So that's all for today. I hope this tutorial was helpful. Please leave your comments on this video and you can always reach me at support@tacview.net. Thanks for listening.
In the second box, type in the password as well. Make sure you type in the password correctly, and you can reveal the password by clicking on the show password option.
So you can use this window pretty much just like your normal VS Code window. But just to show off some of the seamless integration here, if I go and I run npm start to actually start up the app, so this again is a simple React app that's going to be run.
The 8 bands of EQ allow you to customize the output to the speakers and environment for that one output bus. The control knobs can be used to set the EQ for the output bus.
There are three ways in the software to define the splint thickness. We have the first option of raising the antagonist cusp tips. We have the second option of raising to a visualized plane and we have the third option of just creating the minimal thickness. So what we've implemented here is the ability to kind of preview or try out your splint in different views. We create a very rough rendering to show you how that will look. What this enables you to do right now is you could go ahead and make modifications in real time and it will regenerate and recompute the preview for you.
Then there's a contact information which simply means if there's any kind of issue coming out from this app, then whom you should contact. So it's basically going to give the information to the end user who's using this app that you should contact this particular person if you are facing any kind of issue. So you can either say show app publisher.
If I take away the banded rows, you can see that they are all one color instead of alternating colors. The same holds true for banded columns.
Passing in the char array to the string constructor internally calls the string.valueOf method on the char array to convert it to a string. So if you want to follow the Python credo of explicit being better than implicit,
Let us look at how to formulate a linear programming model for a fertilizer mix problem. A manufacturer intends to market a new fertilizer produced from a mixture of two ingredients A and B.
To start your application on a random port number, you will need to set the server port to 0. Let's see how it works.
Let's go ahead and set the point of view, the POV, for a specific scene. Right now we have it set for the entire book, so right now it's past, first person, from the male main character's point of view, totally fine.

══════════════════════════════

Out of the entries, report each line that contains the word "your".

So that's all for today. I hope this tutorial was helpful. Please leave your comments on this video and you can always reach me at support@tacview.net. Thanks for listening.
So you can use this window pretty much just like your normal VS Code window. But just to show off some of the seamless integration here, if I go and I run npm start to actually start up the app, so this again is a simple React app that's going to be run.
There are three ways in the software to define the splint thickness. We have the first option of raising the antagonist cusp tips. We have the second option of raising to a visualized plane and we have the third option of just creating the minimal thickness. So what we've implemented here is the ability to kind of preview or try out your splint in different views. We create a very rough rendering to show you how that will look. What this enables you to do right now is you could go ahead and make modifications in real time and it will regenerate and recompute the preview for you.
To start your application on a random port number, you will need to set the server port to 0. Let's see how it works.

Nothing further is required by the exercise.